The thing that's going to allow us to get out of the stealth vs detection engineering/technology cat & mouse game is a rarely (if ever) employed implementation of radar that uses wavelengths on the order of the vehicle being searched for. Once the wavelength size is about the size of the object, nothing is invisible to radar. The trouble is that this method can't produce sufficiently accurate information for interception.
However, once the general area of the target is known, it would be easily possible to get an interception vehicle within the vicinity of the flight path. Tracking at closer ranges affords more detection options and better accuracy. If we're going to do an intercept against supersonic and hypersonic targets with low-observable technology, it's going to take everything available when it comes to accuracy. We'll have to push really push sensor designs and squeeze out a lot better kinetic performance from the rockets.

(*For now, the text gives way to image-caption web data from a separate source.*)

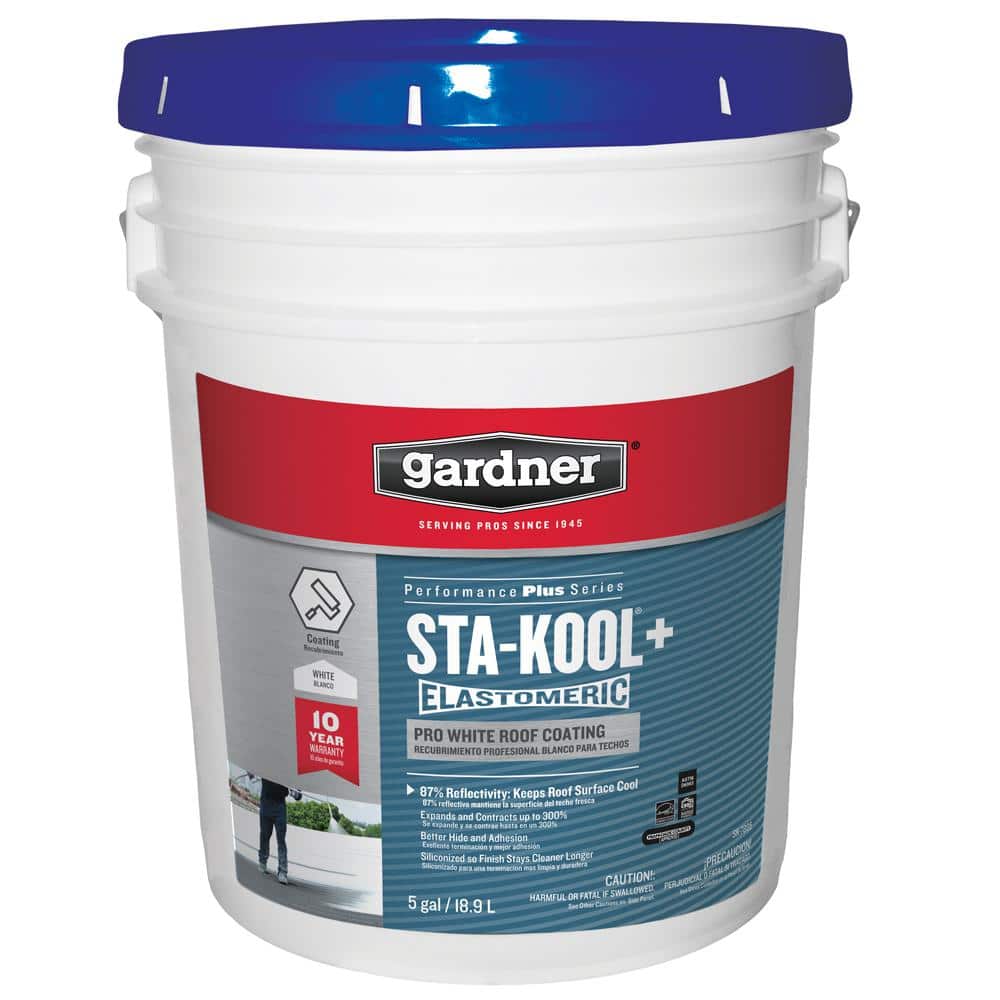 Gardner 5 gal. StaKool+ Pro White Roof CoatingSK7805 The Home Depot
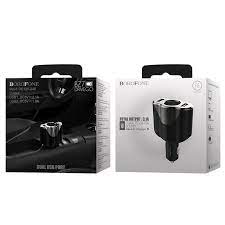 Блок питания автомобильный BOROFONE BZ7 DriveGo 2 USB выхода, 3100mAh, Black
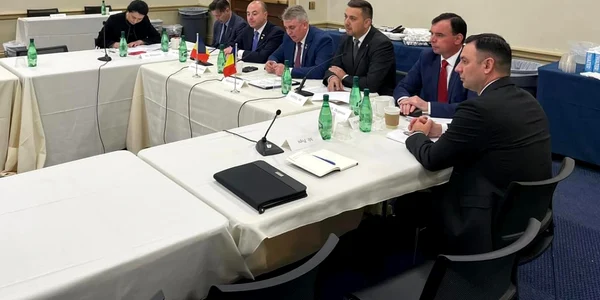 Lucian Bode la intalnirea cu membrii Congresului SUA FOTO FAcebook Bode
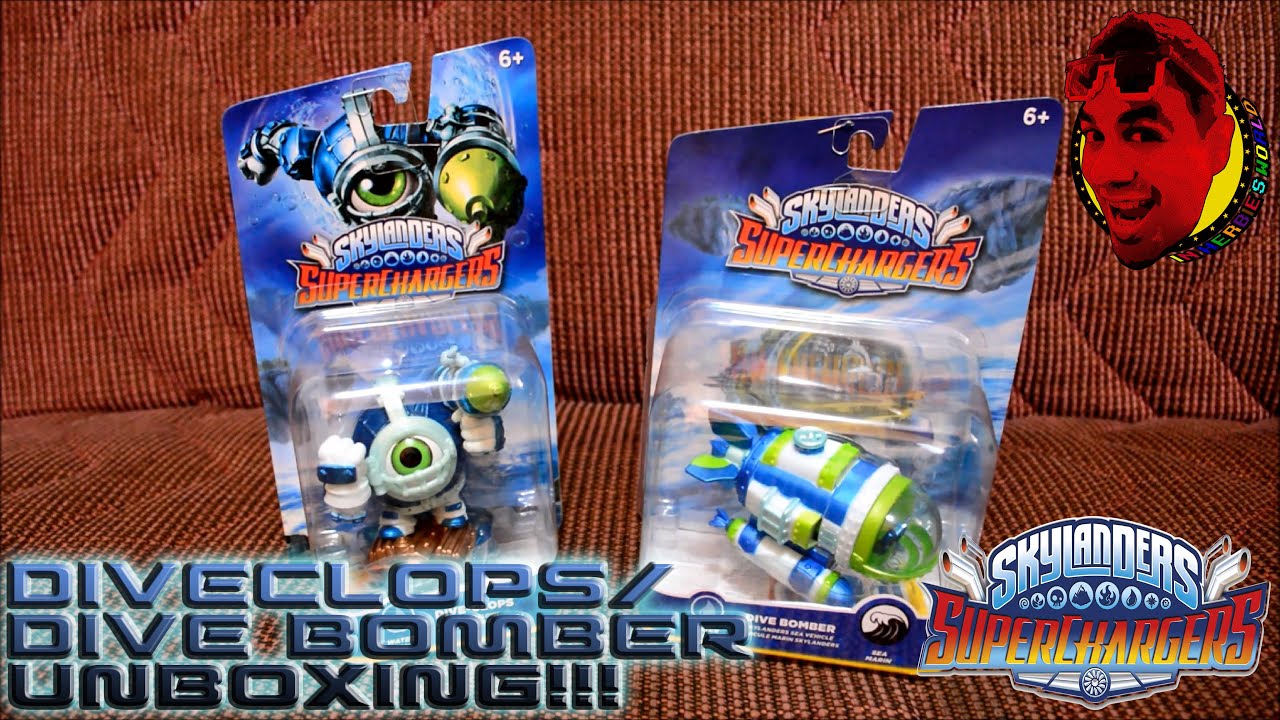 Skylanders SuperChargers- DIVE-CLOPS/DIVE BOMBER! {UNBOXING+REVIEW}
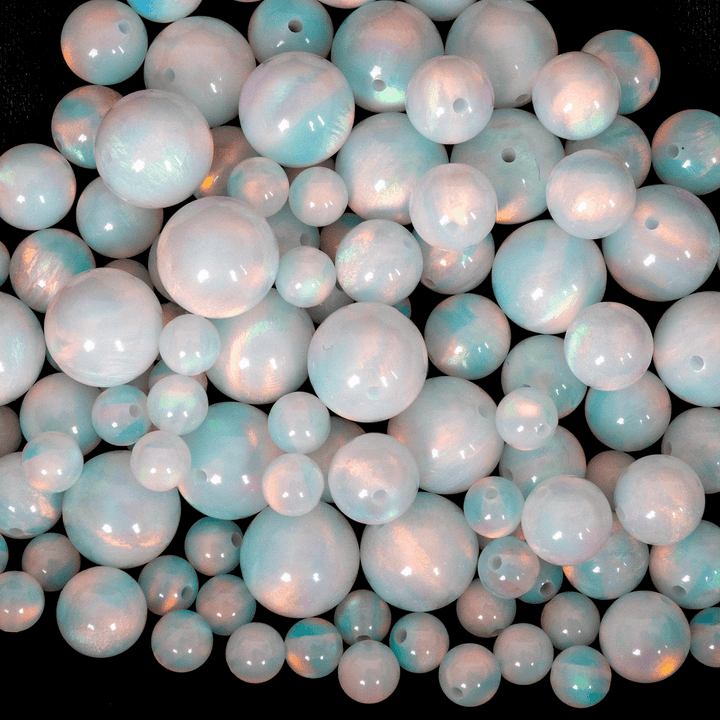 White Rainbow Opalescence Craft Beads - The Opal Dealer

I'm expecting a combination of stealth compromising radar, less easily defeated illumination technologies, and high performance intercept vehicles with robust sensor design working in tandem with ship-based high-power painting or even coordination with UAV's.
Even if it's not missile saturation attacks from long ranges (where at least we can detect the launches due to boost motor signature) there's still the issue of the inevitable stealth aircraft penetrating defenses and launching a saturation attack at short range. The aircraft would effectively be an efficient cruise stage for a package of small missiles that only need to boost for a supersonic dash into the target. Small missiles with relatively large warheads and little warning for intercept. In terms of aircraft and missile weight (and cost) it would be very effective.

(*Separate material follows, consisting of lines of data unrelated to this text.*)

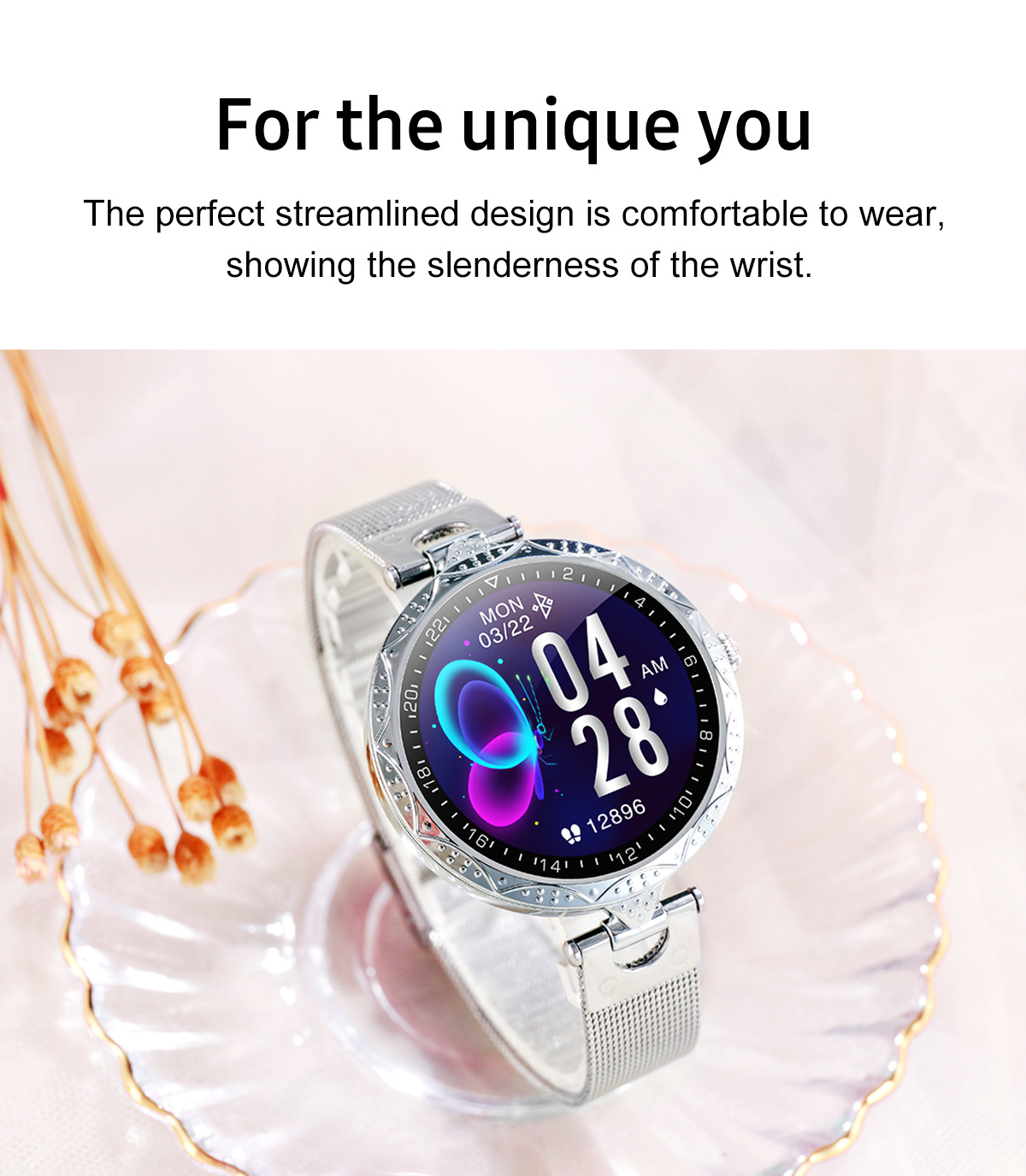 AK22 femmes SmartWatch bracelet de santé Fitnes Tracker femme_voghion.com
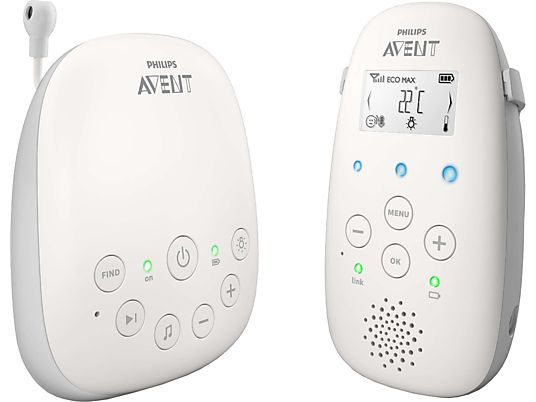 PHILIPS AVENT SCD713/26 - Babyphone (Blanc)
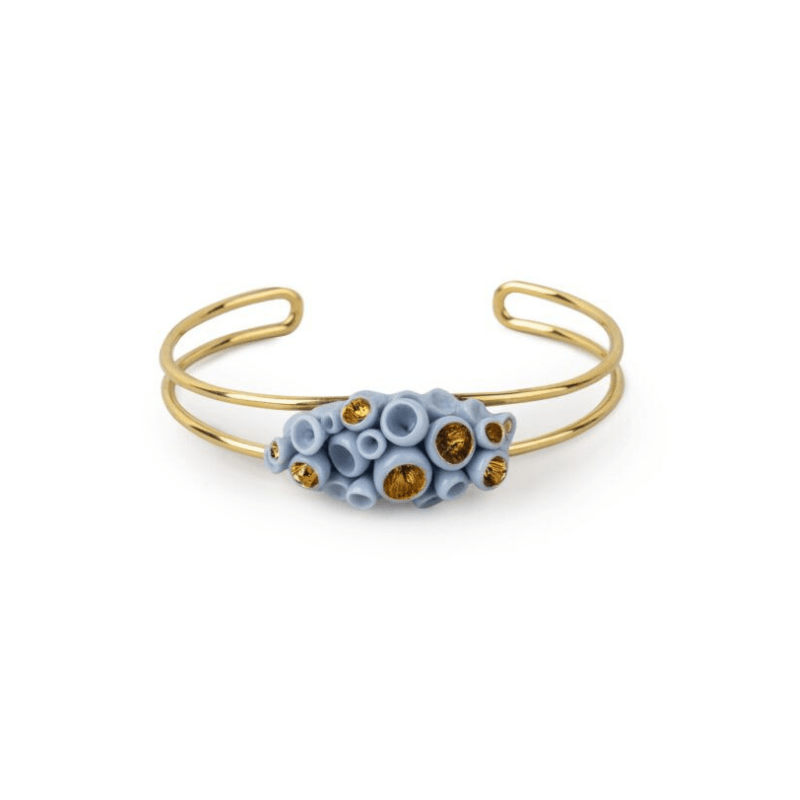 Lladro Inspiration Default Golden Blue Reef Metal Bracelet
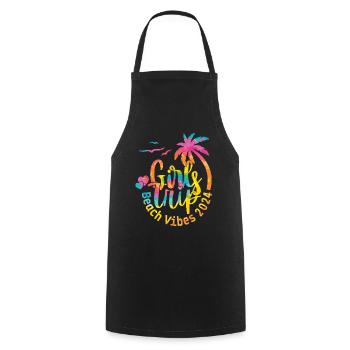 Girl Weekend Girls Trip Beach Vibes 2024 - Cooking Apron - black - Front - AI Model Male 185 dark (185cm)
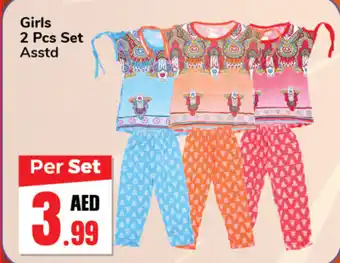 Day To Day Girls 2 Pcs Set Asstd offer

Look at it this way, we can talk all day about how to protect open-water naval ships from saturation attacks with low-observable warheads, and it will usually work out okay if we start packing enough detection and interception firepower in the correctly sized area (most anti-ship missiles designed for saturation will communicate with each other and prioritize targets), but compare how much that will cost and how much hardware we will have dedicated just to giving us the ability to sit on the surface compared to making higher value targets (ahem, giant carriers that are already nuclear powered and will always and forever more be easy to target) less vulnerable to begin with. If we can put 100m of water in between us and ASBM's, that's a lot better margin for survival than if the interception vessels take hits and suddenly it's a defenseless carrier vs. ASBM saturation attack.